Pattern 5 -- Detecting negative cycles

After running Floyd-Warshall, any vertex $v$ with $d(v,v)<0$ lies on a negative cycle. Pairs $(i,j)$ where $i$ can reach such a $v$ and $v$ can reach $j$ have $d(i,j)=-\mathrm{\infty }$.

CF 472D -- Design Tutorial: Inverse the Problem. Check if a distance matrix corresponds to a tree using all-pairs checks.

Pattern 6 -- Incremental vertex insertion

Add vertices in a specific order. After inserting vertex $k$, only run the relaxation layer for $k$. Total work is still $O(n^3)$ but you get intermediate results.

CF 295B -- Greg and Graph (same as Pattern 1). Classic example of this technique.

---

Contest Cheat Sheet

+------------------------------------------------------------------+
|  FLOYD-WARSHALL CHEAT SHEET                                      |
+------------------------------------------------------------------+
|  WHEN: all-pairs shortest path, n <= 500                         |
|  TIME: O(n^3)     SPACE: O(n^2)                                 |
+------------------------------------------------------------------+
|  INIT:                                                           |
|    dist[i][j] = INF for all i != j                               |
|    dist[i][i] = 0                                                |
|    dist[u][v] = min(dist[u][v], w)  for each edge (u,v,w)       |
+------------------------------------------------------------------+
|  CORE (k outermost!):                                            |
|    for k in [0,n):                                               |
|      for i in [0,n):                                             |
|        for j in [0,n):                                           |
|          dist[i][j] = min(dist[i][j], dist[i][k]+dist[k][j])    |
+------------------------------------------------------------------+
|  GUARD OVERFLOW:                                                 |
|    if (dist[i][k] < INF && dist[k][j] < INF)                    |
|    Use INF = 1e18 (long long), NOT INT_MAX                       |
+------------------------------------------------------------------+
|  NEG CYCLE: dist[i][i] < 0 for some i                           |
|  PATH: nxt[i][j] = nxt[i][k] when relaxing                      |
|  CLOSURE: replace min/+ with OR/AND, or use bitset               |
|  MINIMAX: replace min(a, dist[i][k]+dist[k][j])                 |
|           with min(a, max(dist[i][k], dist[k][j]))              |
+------------------------------------------------------------------+

---

Gotchas & Debugging

The k-loop MUST be outermost

This is the single most common bug. If you put k as an inner loop, the DP invariant breaks and you get wrong answers silently. The order is k -> i -> j, always.

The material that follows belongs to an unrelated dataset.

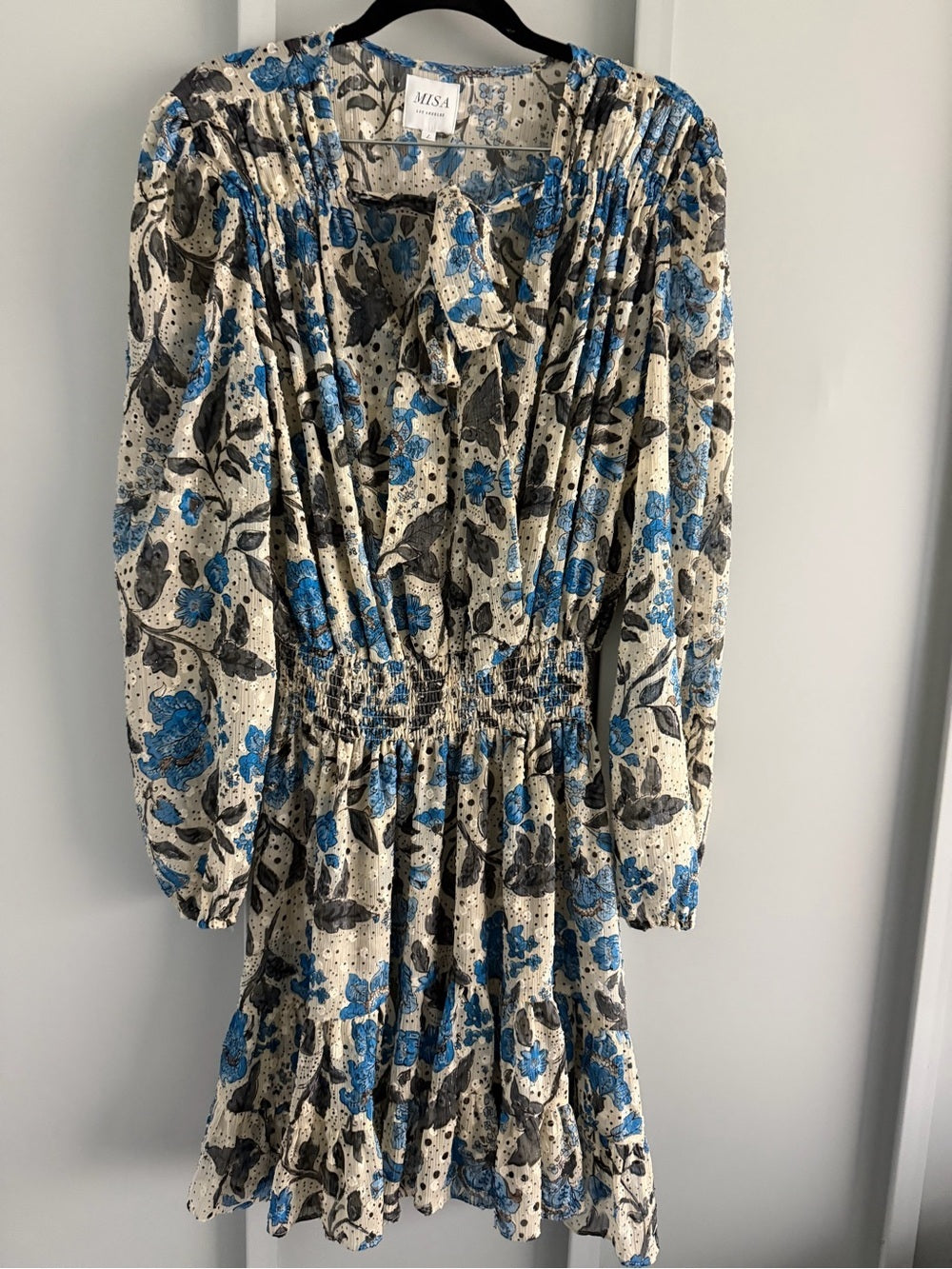 MISA Los Angeles Floral Chiffon Smocked Waist Tie Neck Dress L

// WRONG -- will silently produce incorrect results
for (int i = 0; i < n; i++)
    for (int j = 0; j < n; j++)
        for (int k = 0; k < n; k++) // k must be OUTER
            dist[i][j] = min(dist[i][j], dist[i][k] + dist[k][j]);

INF overflow when adding

If dist[i][k] = INF and dist[k][j] = INF, then dist[i][k] + dist[k][j] overflows. Two fixes:

1. Guard with an if: if (dist[i][k] < INF && dist[k][j] < INF)
2. Use a safe INF: const long long INF = 1e18; -- this is less than LLONG_MAX / 2, so adding two of them doesn't overflow.

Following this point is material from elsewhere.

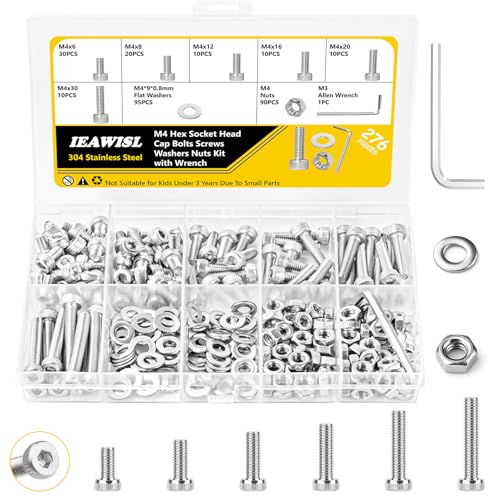 IEAWISL 276PCS M4 Nut and Bolt 6-30mm Hex Socket Cap 304 SS for DIY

Never use INT_MAX or LLONG_MAX as INF. They overflow on addition.

Self-loops

Some problems have edges from a vertex to itself with non-zero (or negative) weight. Initialize dist[i][i] = 0 and let the algorithm handle self-loops naturally. After Floyd-Warshall, dist[i][i] < 0 means vertex $i$ is on a negative cycle.

If the problem gives self-loop edges and you want the shortest self-loop (not the shortest cycle), handle it separately.

Undirected graphs

For undirected edges, set both dist[u][v] and dist[v][u]. Easy to forget one direction.

Multiple edges between same pair

Always take the minimum: dist[u][v] = min(dist[u][v], w) when reading input. Don't blindly overwrite.

int vs long long

With $n=500$ and edge weights up to ${10}^6$, the shortest path can be up to $500\times {10}^6=5\times {10}^8$, which fits in int. But with negative edges or weights up to ${10}^9$, you need long long. When in doubt, use long long.

Memory for large n

$n=500$ with long long: ${500}^2\times 8=2\text{MB}$. Fine. $n=5000$: $200\text{MB}$. Won't fit. Don't use Floyd-Warshall.

Debugging tip

Print the distance matrix after each $k$-iteration. For a graph with 4-5 vertices, you can trace by hand and spot where the bug happens.

Mental Traps

Trap 1: "Floyd-Warshall is just three nested loops -- the order doesn't matter."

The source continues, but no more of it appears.